* YOUR ASSIGNMENT
Only the text belongs in the copy: repeat each record exactly, without pictures.

* INFORMATION SUPPLIED
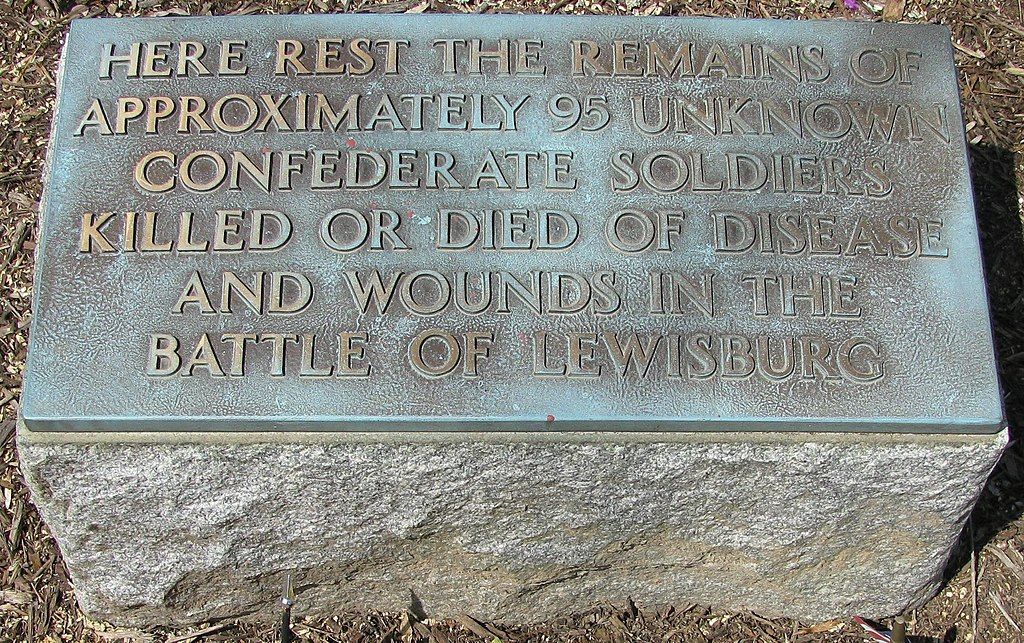 A marker for mass grave at confederate cemetery.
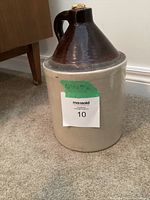 Photo of antique stoneware crock jug, showing beige bottom and dark brown top with handle and cork stopper.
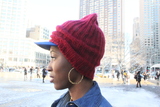 <p>Athanaelle Paul a fashion blogger, pairs a Brooklyn Dogers baseball cap with a University of Alabama beanie.</p>
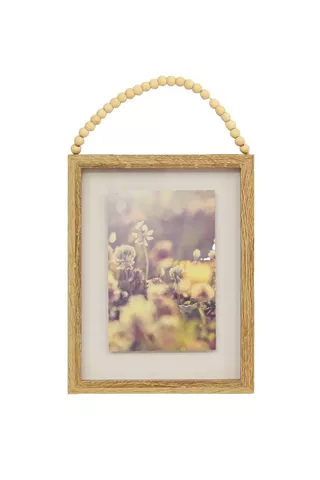 DECORATIVE FRAME WITH HANGING BEADS
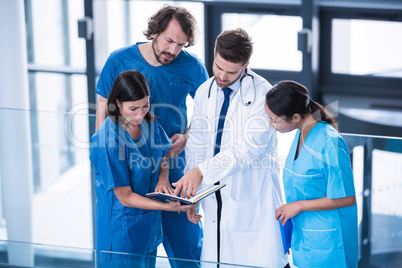 Surgeons, doctor and nurse having a discussion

* REPLY
 A marker for mass grave at confederate cemetery.
 Photo of antique stoneware crock jug, showing beige bottom and dark brown top with handle and cork stopper.
 <p>Athanaelle Paul a fashion blogger, pairs a Brooklyn Dogers baseball cap with a University of Alabama beanie.</p>
 DECORATIVE FRAME WITH HANGING BEADS
 Surgeons, doctor and nurse having a discussion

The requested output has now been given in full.